Канторы второй половины 19-го столетия уже владели лучшей композиторской техникой и были музыкально более образованы, чем их предшественники. Ниссан Блюменталь, вдохновенный певец, кантор одесской «Бродской» синагоги (основанной выходцами из галицийского пограничного города Броды) был даже знаком с музыкой Баха, Генделя, Мендельсона, у которых он нередко «заимствовал» отрывки музыкальных тем, приспособив их к тексту какого-нибудь псалма или другой молитвы. Вольф Шестопал (родился в 1832-м году в Херсоне), чьи произведения много пелись по синагогам в России, приспособил под текст псалма 115 часть арии Виолетты из «Травиаты» Верди.
Следует принять во внимание, что все прославленные канторы были глубоко религиозными людьми. Им и в голову не приходило пойти на концерт или в оперу. Это был чуждый, враждебный им мир. Канторы, пришедшие старшим на смену, — Миньковский, Штейнберг, Новаковский, Герович, Дунаевский, Альман, Маргановский (известный под именем Зейдел Ровнер), уже отваживались и на концерт пойти, и даже послушать оперу, но обычно сидели на галерке с покрытой ермолкой головой.
Каким же образом в произведениях Иерухома Гакотона, Ниссана Бэльдзэра или Бэцалеля Шаца и др. оказывались фразы, выхваченные у Доницетти, Беллини или Россини?
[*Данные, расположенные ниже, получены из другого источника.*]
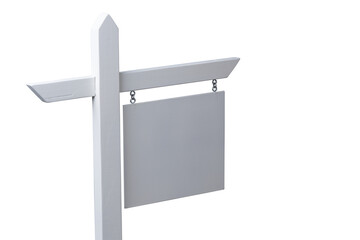 Blank white sign on wooden post for customizable messages or directions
Клавираусцугов они читать не умели, на рояле не играли, многие из них слабо владели нотной грамотой. Фразы из итальянских опер доходили к этим благочестивым и богомольным канторам прежде всего через военные оркестры, которые летом, в табельные и другие торжественные дни часто играли на площадях или в городских парках и садах в местечках «черты». Возглавляемые нередко военными капельмейстерами-евреями, из которых многие, как Чернецкий, Гордон, Чернявский, братья Роговые, получили широкую известность, оркестры эти любили исполнять попурри из популярных опер. Этими попурри, нередко коряво состряпанными, питались еврейские хазаны и канторы-композиторы. Немудрено, что воспринятые ими оперные мотивы проникали — часто бессознательно — в их собственные литургические песнопения.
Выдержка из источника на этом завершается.